- [EXERCISE DESCRIPTION]:
Filter the entries down to the lines containing "Comics", and copy those lines.

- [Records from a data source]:
============

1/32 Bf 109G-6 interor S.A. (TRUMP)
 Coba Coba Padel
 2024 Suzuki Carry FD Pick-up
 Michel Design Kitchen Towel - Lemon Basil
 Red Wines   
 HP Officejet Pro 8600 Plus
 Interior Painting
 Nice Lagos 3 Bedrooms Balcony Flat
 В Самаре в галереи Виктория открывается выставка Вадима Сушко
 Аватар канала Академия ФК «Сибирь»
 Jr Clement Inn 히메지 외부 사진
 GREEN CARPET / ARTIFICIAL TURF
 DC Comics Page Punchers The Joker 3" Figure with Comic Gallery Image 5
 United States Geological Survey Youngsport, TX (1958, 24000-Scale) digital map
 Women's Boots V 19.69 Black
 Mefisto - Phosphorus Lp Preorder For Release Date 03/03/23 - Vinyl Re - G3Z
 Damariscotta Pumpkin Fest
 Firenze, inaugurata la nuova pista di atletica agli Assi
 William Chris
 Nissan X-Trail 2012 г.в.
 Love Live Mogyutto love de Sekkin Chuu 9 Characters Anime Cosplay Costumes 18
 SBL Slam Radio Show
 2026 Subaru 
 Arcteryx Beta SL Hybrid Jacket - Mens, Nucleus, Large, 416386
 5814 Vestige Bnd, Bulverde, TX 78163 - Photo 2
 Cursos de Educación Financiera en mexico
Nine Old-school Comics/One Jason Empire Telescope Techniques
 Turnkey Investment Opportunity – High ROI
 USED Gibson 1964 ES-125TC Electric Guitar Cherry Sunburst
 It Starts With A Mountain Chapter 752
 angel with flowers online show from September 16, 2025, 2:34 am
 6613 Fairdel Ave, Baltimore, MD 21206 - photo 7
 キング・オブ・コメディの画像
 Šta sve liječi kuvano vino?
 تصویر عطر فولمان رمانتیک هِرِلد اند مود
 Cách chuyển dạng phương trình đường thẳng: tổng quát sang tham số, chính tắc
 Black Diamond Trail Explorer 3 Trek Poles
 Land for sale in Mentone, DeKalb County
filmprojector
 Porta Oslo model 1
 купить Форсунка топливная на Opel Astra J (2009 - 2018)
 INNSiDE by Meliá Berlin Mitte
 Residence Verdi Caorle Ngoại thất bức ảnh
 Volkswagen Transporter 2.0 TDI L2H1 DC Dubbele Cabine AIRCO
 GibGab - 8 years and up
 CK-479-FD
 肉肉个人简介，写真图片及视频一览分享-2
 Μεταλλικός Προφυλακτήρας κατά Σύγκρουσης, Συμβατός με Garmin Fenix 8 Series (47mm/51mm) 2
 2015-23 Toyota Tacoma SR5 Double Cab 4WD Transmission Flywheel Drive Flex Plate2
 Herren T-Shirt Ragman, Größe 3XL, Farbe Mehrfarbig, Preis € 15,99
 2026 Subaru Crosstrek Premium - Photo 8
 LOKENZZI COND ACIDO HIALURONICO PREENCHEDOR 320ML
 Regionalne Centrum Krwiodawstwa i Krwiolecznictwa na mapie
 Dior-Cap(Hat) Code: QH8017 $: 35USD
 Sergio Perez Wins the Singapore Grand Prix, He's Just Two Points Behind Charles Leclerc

============

- [RESPONSE TO THE EXERCISE]:
 DC Comics Page Punchers The Joker 3" Figure with Comic Gallery Image 5
Nine Old-school Comics/One Jason Empire Telescope Techniques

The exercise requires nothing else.